Here’s the thing, though: when different cosmic objects collide or otherwise come into contact with one another, they’ll interact according to conventional rules if they’re both made of matter (or antimatter), but if matter-antimatter regions contact one another, they’ll annihilate, creating an unmistakable signature of ultra-high-energy gamma rays.
The lack of that signature:
- between clouds of gas in the intergalactic medium,
- between stellar systems within a galaxy,
- between galaxies within a cluster,
- and between clusters that collide and interact,
places incredible constraints on “How much of the Universe could be made of antimatter?” Even from objects like Pandora’s Cluster on its own, we can learn that no more than about 0.001% of the Universe is allowed to be made of antimatter, confirming for us that yes, there really is a matter-antimatter asymmetry within our observable Universe.
Additionally, we can learn all sorts of other information, like how galaxies grow and evolve over cosmic time. We can measure the star-formation rate of the objects within our cosmos and see how they evolve over cosmic time.

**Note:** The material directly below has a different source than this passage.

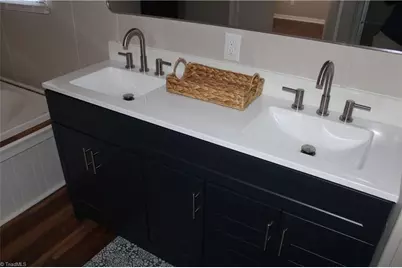 139 Crestwood Circle, Lexington, NC 27295 - Photo 31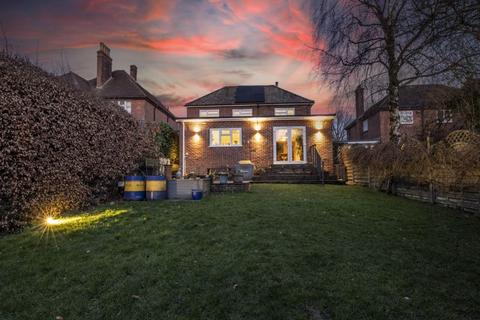 4 bedroom detached house for sale, Grosvenor Road, Shaftesbury SP7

We can examine galaxies and stars that formed within the first few hundred million years of the Universe to learn when and how the neutral atoms in the intergalactic medium became reionized. And we can look at the earliest galaxies of all to learn about star-formation and galaxy-formation and even how supermassive black holes first formed and began to grow up within the Universe.
It’s hard to fathom, but if the modern Milky Way is akin to a 100-year-old human being, then the galaxies we find in Pandora’s Cluster are much more spry: like a 70-year-old collection of people, while the galaxies at “cosmic noon,” when star-formation peaked, are more like 20-year-olds in the prime of their youth and athleticism. JWST, with the UNCOVER survey and similarly deep studies, can take us all the way back to teenagers, children, and even toddlers, with the current record-holder appearing as the analogue of a 2-year-old. At its absolute limits, JWST could even take us back to galaxies in their true infancy: in the range of 8-to-18 month-old humans.
It can’t quite see all the way back to newborn galaxies, but the UNCOVER survey could yet be hiding a yet-to-be-identified cosmic record-breaker, just waiting to be spectroscopically observed and confirmed. Even though this survey is large enough to deliver some ~50,000 unique objects, it’s only as big on the sky as a dot of nail polish on one of your fingernails, held at arm’s length: 1/5600000th of the full sky. The full resolution NIRCam mosaic delivers a whopping 200 megapixels and will help us understand how galaxies were born and grew up all throughout our cosmic history. Although more data always enables superior conclusions, this one image is completely sufficient to reconstruct almost all of our cosmic history, and even just a tiny snippet of it can leave us agog with a sense of wonder at how marvelous it all truly is.